The deal will see the devices falling to under $1, says ST, using Omron's sensor technology. ST is already the leading supplier of MEMS for consumer and portable applications and the third largest MEMS manufacturer overall. , but will use Omron's MEMS sensor technology.
The key is that ST is the only manufacturer that can mount and package multiple MEMS microphone devices at a time, facilitating high-volume production, using a proven packaging technology very similar to that used for motion sensors.

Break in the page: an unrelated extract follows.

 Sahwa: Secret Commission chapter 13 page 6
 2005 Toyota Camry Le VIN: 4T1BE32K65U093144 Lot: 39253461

MEMS microphones can be made smaller than the most compact microphones and are less susceptible to mechanical vibration, temperature variations and electromagnetic interference, which is important in cell phones and other devices with an audio input, such as notebook computers, video recorders, digital cameras, as well as hearing aids or electronic stethoscopes.
“In the past, microphones were the domain of expert acoustics companies, but now it’s time for semiconductor MEMS players to drive the growth of this market. We’re aiming to increase the size of the MEMS microphone market by an order of magnitude,” said Benedetto Vigna, Group Vice President and General Manager of MEMS and Healthcare Division, STMicroelectronics. “This market can explode only with big and long-term committed suppliers, operating their own leading-edge MEMS fabs. Working together with our Japanese friends, we'll drive the microphone market growth as we have done in motion sensors.”
Samples of digital MEMS microphones that integrate ST’s electronic control circuit and OMRON’s micro-machined sensor in a single package will be available before the end of this year, at less than one dollar for large-volume orders.
According to iSuppli’s research dated September 2009, the market for micro-machined acoustic devices for consumer electronics and mobile handsets is forecast to grow at a revenue CAGR of 18% between 2008 and 2013, when it will exceed one billion parts per year.
MEMS microphone startup Akustica was acquired earlier this year by Robert Bosch, while another MEMS startup, Oligon, was bought by Wolfson Microelectronics to develop a range of highly integrated microphones.